-- What you should do --
Under this line is a listing; return exactly the lines starting at the one with "Sobrancelhas descoloridas: tá" and running down to the one with "chilango - 10", and leave out its pictures.

-- Data provided --

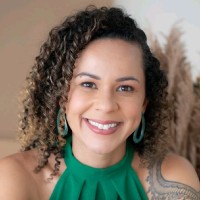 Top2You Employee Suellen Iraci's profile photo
---
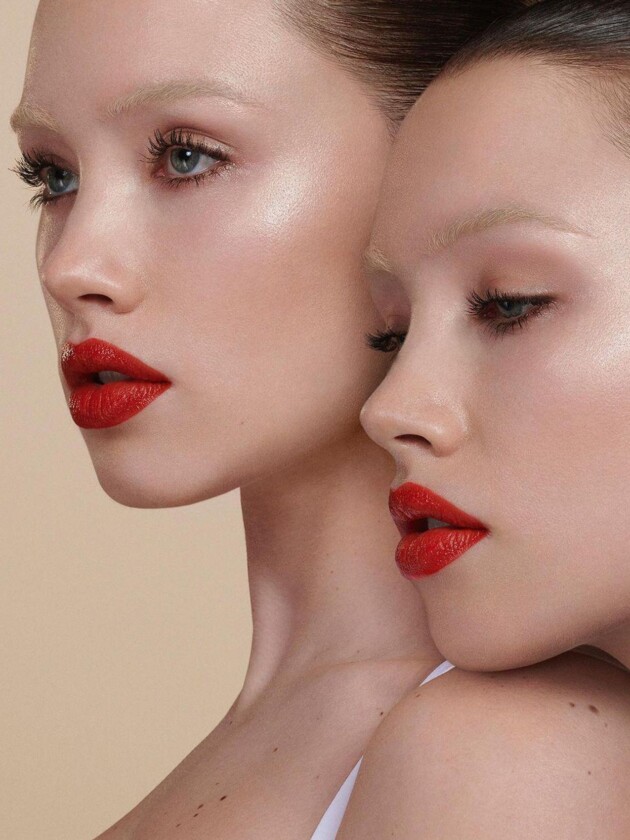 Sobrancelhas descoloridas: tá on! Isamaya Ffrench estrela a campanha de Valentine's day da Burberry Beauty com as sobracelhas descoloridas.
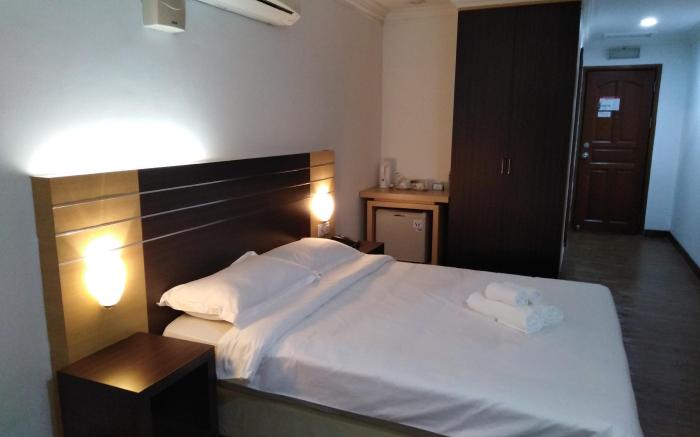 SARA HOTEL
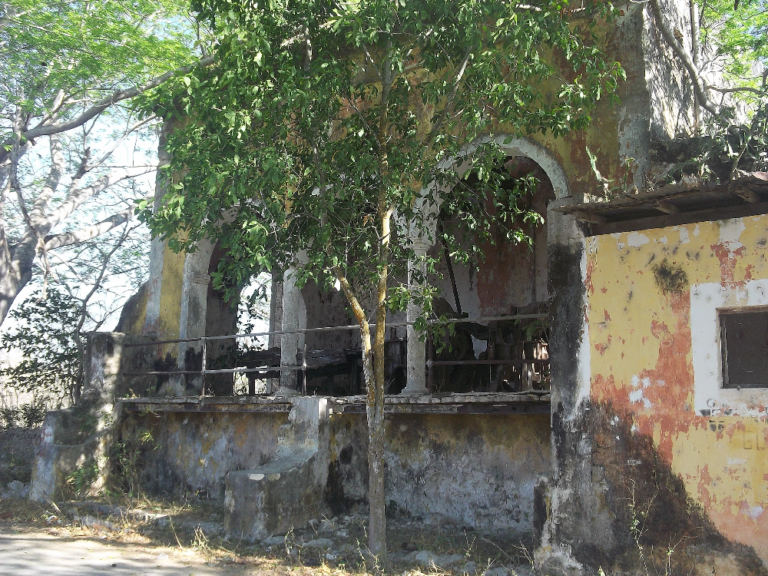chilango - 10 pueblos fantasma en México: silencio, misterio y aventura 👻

-- Response area --
 Sobrancelhas descoloridas: tá on! Isamaya Ffrench estrela a campanha de Valentine's day da Burberry Beauty com as sobracelhas descoloridas.
 SARA HOTEL
chilango - 10 pueblos fantasma en México: silencio, misterio y aventura 👻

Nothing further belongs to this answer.